Kyrgyzstan: Bride Theft Custom Fuels Divorce Rate

Eight out of ten divorces in Kyrgyzstan involve brides who were “stolen” by their husbands, women’s rights groups say.
According to this controversial tradition, men kidnap women and pressure them into marriage, after which the bride’s family is presented with a fait accompli.
“I had a boyfriend then, but I had never even spoken to the young man who stole me; I didn’t like him,” said Aida, who got divorced three years ago from the man who kidnapped her.

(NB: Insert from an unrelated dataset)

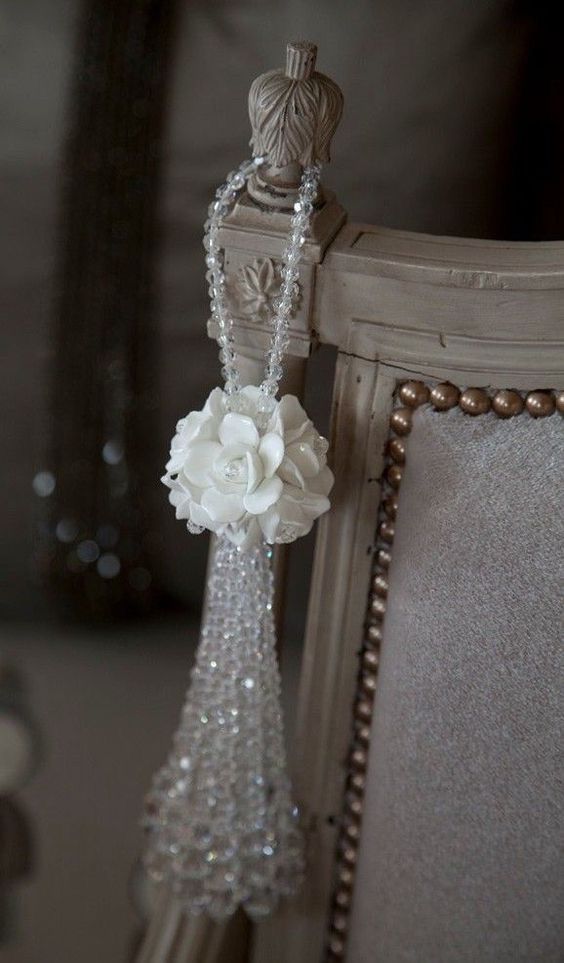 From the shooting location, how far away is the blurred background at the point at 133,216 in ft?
2.52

“We want to make people understand that bride-stealing is a crime, not a tradition,” said a woman working at a crisis centre, one of several groups trying to change social attitudes about the custom.

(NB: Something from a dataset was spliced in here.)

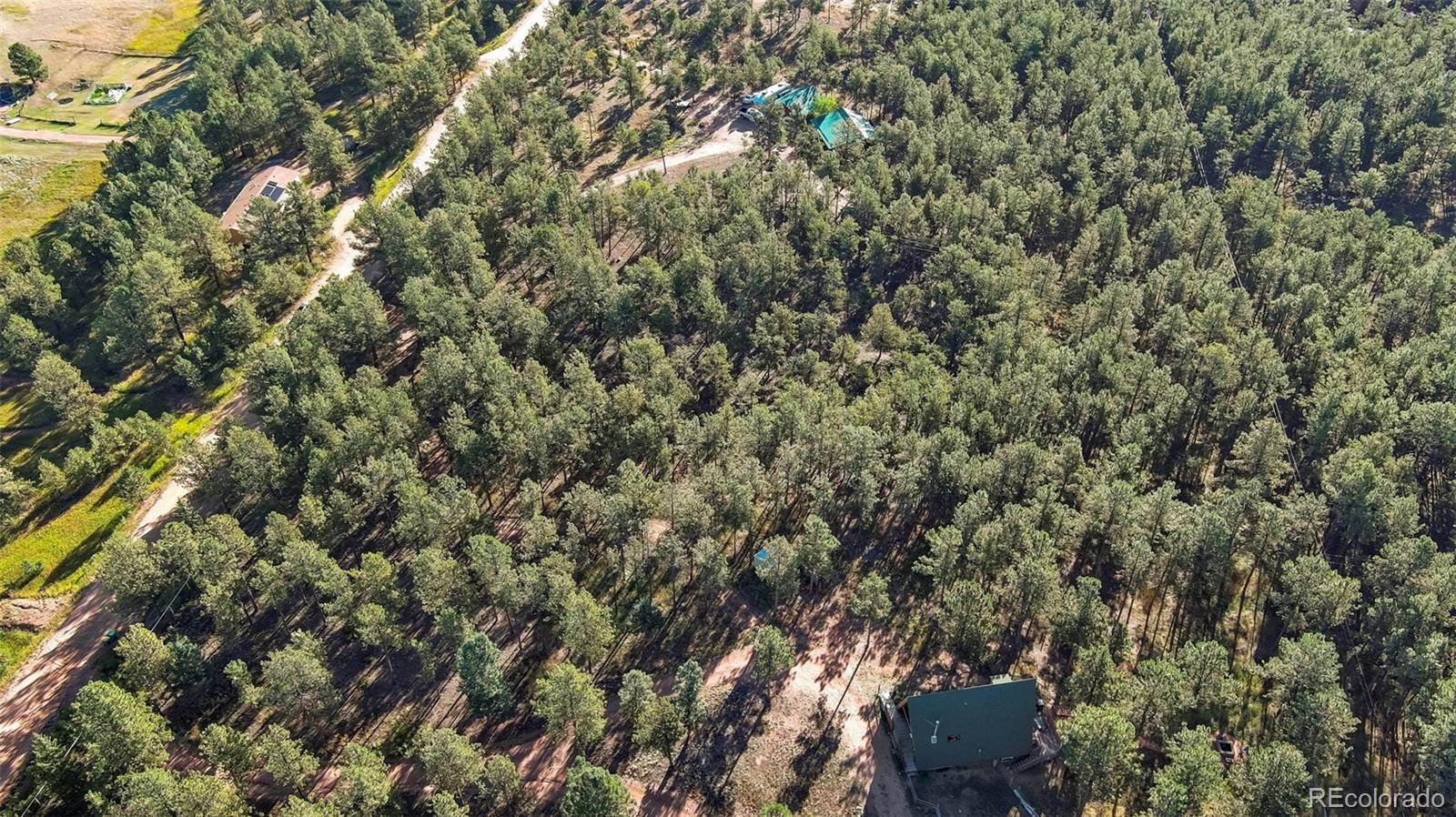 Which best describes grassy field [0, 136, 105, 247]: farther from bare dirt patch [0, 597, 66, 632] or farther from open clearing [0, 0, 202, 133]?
bare dirt patch [0, 597, 66, 632]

IWPR reporter Janar Akaev also interviewed Jumagul-Eje, a woman who is planning to arrange for a bride to be kidnapped so her son can get married.

“If the lad steals the bride it works out a lot cheaper – four pillows and four blankets [gift for bride’s family], and that’ll do fine," she said in justification. "But if you arrange it, the costs will be much higher, at list 30,000 or 40,000 soms [up to 950 US dollars] as the ‘bride-price’, and that’s the minimum.”

Other villagers, too, said the custom had worked for them, and after some initial friction between the two families, things had settled down.